A
New
Pyramid
Scheme for Your
Volunteer Fire Department
By: TIGER SCHMITTENDORF
One of the biggest challenges faced by today’s emergency services managers is people. Not enough people to respond, not enough people to serve on committees, not enough people to take on added responsibilities and not enough people to do all the jobs that need to get done.
The biggest challenge faced by today’s volunteer firefighter or EMS provider is time. Not enough time with the spouse and kids, not enough time to devote to our careers and not enough time to do what we love to do: volunteer.
The volunteer’s challenge thus becomes the volunteer manager’s challenge. Inasmuch as the fire department struggles to be everything it once was to the community 20 or 30 years ago, few individual volunteers have the time to be everything they once were to the fire department.
For over 200 years, the fire department has always been the go-to guys for virtually everything. If you needed your flooded basement pumped out, whom do you call? If a storm knocks down a tree and it blocks the roadway –the fire department gets called to remove the hazard. Who do even the police call when they can’t handle a situation? When the power goes out and the traffic signals are dark at every intersection in your town, the police call on the fire department to fill in and take over until power and order are restored.

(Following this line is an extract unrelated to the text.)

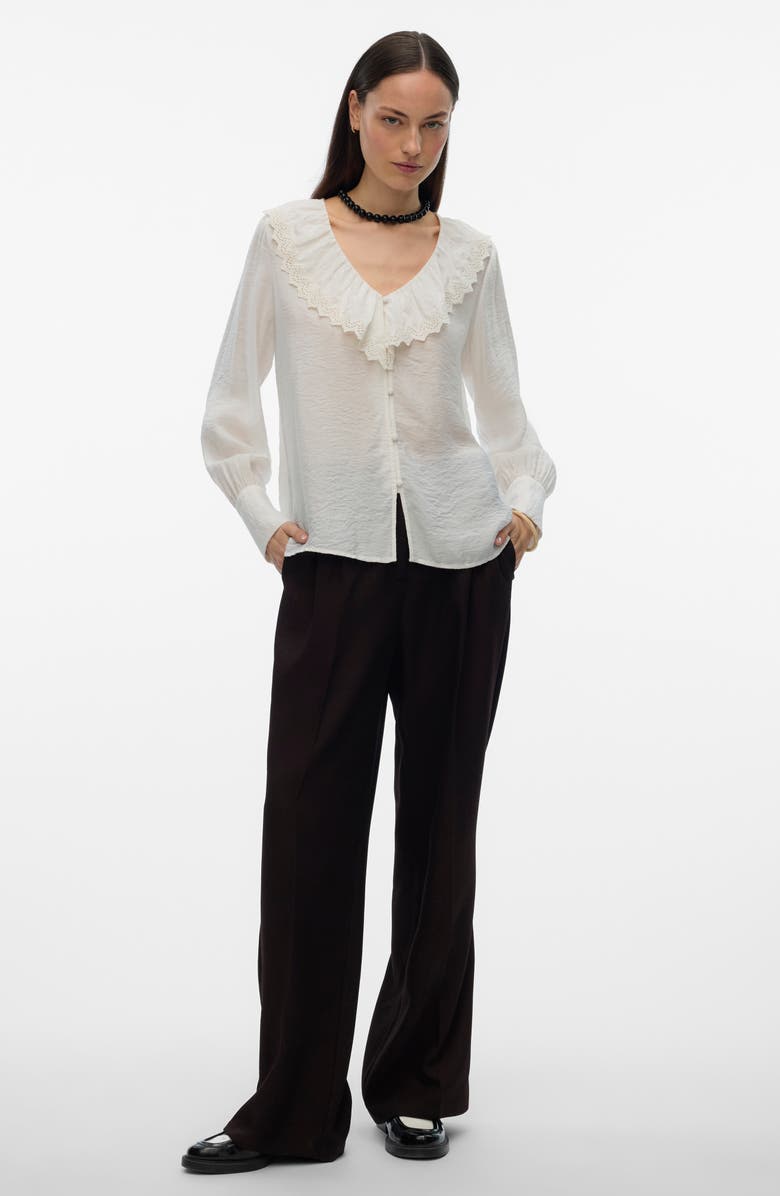 VERO MODA Billy Chelsea Collar Button-Up Shirt, Alternate, color, Snow White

In addition to being the “Jacks-of-all-trades” in natural and man-made emergencies, the fire department was once the social epicenter of the community. The firehouse is where your kids go to Boy or Girl Scout meetings. It’s where the community comes to vote, and it’s where they gather to demonstrate their support for another community member who has fallen on hard times. And it’s the place your friends and neighbors go to on Friday nights for a Lenten Fish Fry or just to enjoy a beverage. Our fathers and mothers joined, as did their fathers and mothers. And we joined too.
But things have changed, haven’t they?
The advent of DINKs (Double Income-No Kids) and MWCs (Married with Children), the infiltration of countless activity opportunities, and the influence of and dependency on technology have created a time warp that is working against the volunteer fire service. People have more choices but seemingly less control over their “disposable” free time.
So, how can we get the same job done with the same set of people who have less time to volunteer? The blunt reality is: we can’t any longer. Doing more with less isn’t working.
Ouch. That’s harsh.
OK then, what are our options? One option is to cut down on the overall workload to be done. It sounds easy but how do we accomplish it?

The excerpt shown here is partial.